Dunque, dal Colle riserbo totale. L’unico commento che trapela è che «la decisione è matura», che «il grosso del lavoro è finito» e che «l’esame è stato compiuto in maniera attenta e scrupolosa». L’unica cosa certa, quindi, è che l’annuncio è imminente: oggi, al massimo domani mattina. Nel pomeriggio infatti il presidente volerà a Verona per una visita di due giorni. Resterebbe, è vero, il giorno di sabato, perché i termini di legge scadono il 10 aprile. Ma dal Quirinale escludono una decisione in zona Cesarini: «Le considerazioni da fare sono state fatte, c’è stato tutto il tempo per una valutazione serena».
Tutto il resto sono ipotesi, speculazioni, teorie. Certo, se uno dovesse scommetterci qualche soldo sopra, converrebbe puntare sul sì. Anche se dal Colle invitano a «non dare per scontati automatismi, comparazioni e compensazioni», dal punto di vista politico appare difficile che Napolitano voglia assestare un secondo e consecutivo stop a una legge del governo, dopo il disgelo di giovedì scorso. E stavolta, a differenza dell’articolo 18, si tratta di un argomento che sta molto a cuore al Cavaliere perché incide profondamente sulla capacità di governare tranquillamente.

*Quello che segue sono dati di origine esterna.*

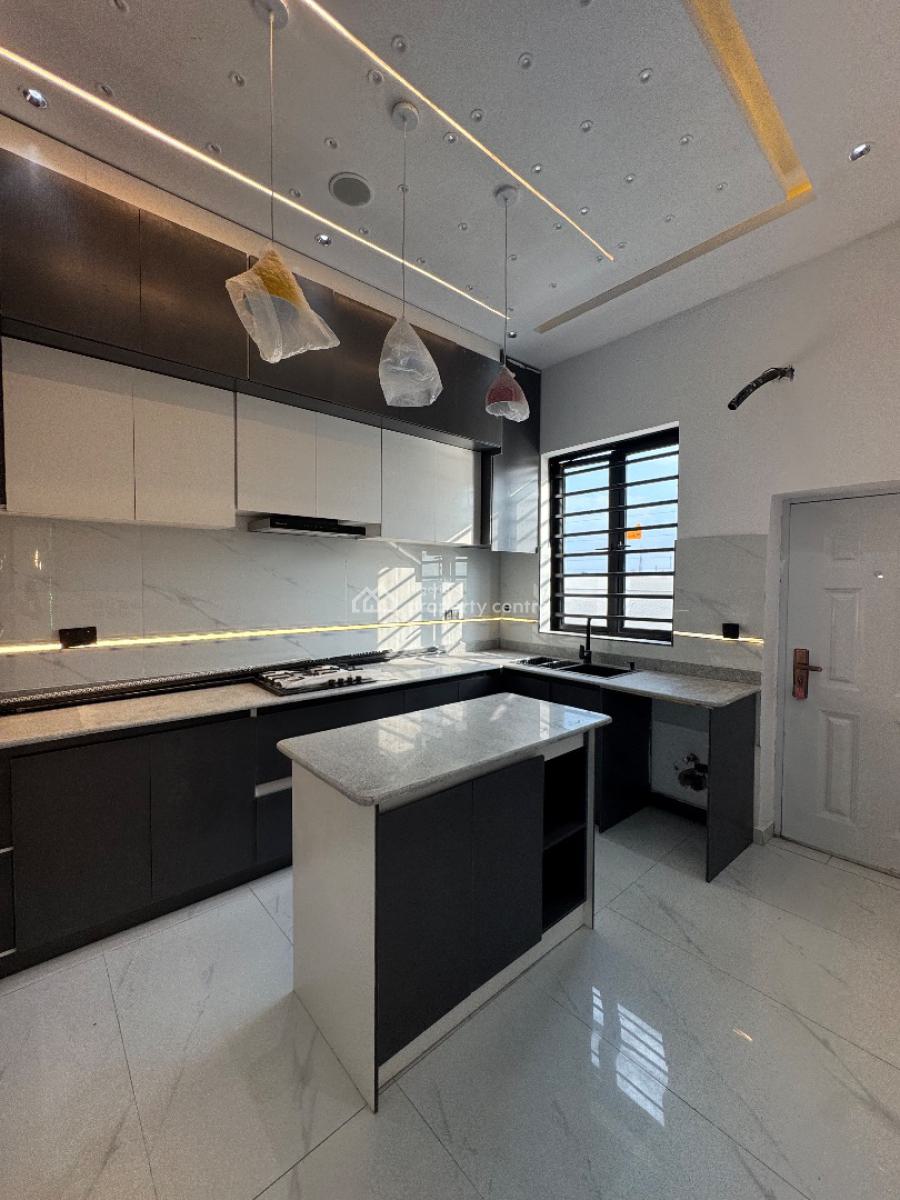 Luxury 4 Bedroom Semi Detached with a Wine Bar, Ajah, Lagos, Semi-detached Duplex for Sale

E c’è un’altra considerazione da fare. A suo tempo il capo dello Stato, firmando il Lodo Alfano, aveva di fatto convenuto sulla necessità di dotate le alte cariche della Repubblica di uno strumento legislativo che consentisse a tutti di lavorare e al premier di amministrare il Paese senza l’assillo delle udienze processuali. Se Napolitano la pensava così in quella occasione, perché dovrebbe aver cambiato parere adesso?
Sennonché il Lodo venne poi bocciato dalla Corte Costituzionale, incrinando i rapporti tra Quirinale e Palazzo Chigi e complicando parecchio pure il compito del presidente. Altro argomento a favore del no: in un passaggio del testo del legittimo impedimento si parla esplicitamente di legge-ponte, anticipando così la prospettiva di doverci comunque rimettere le mani sopra con una legge costituzionale. Un provvedimento di tipo ordinario non sarebbe quindi la strada adeguata per arrivare allo scudo.
I critici del testo vedono anche altri due punti di debolezza. Il primo sta nella possibilità prevista di avvalersi di impedimenti continuativi, il che limiterebbe l’autonomia del giudice. Il secondo riguarda l’autocertificazione dell’impegno da parte della presidenza del Consiglio.

Ma un’altra scuola di pensiero non considera fondamentali questi due aspetti: quantomeno, non toccherebbe al capo dello Stato pronunciarsi su simili dettagli. Il presidente della Repubblica, attraverso i suoi uffici giuridici, deve solo controllare se esistono «profili di evidente incostituzionalità». La Consulta sta di fronte, non dentro il Quirinale.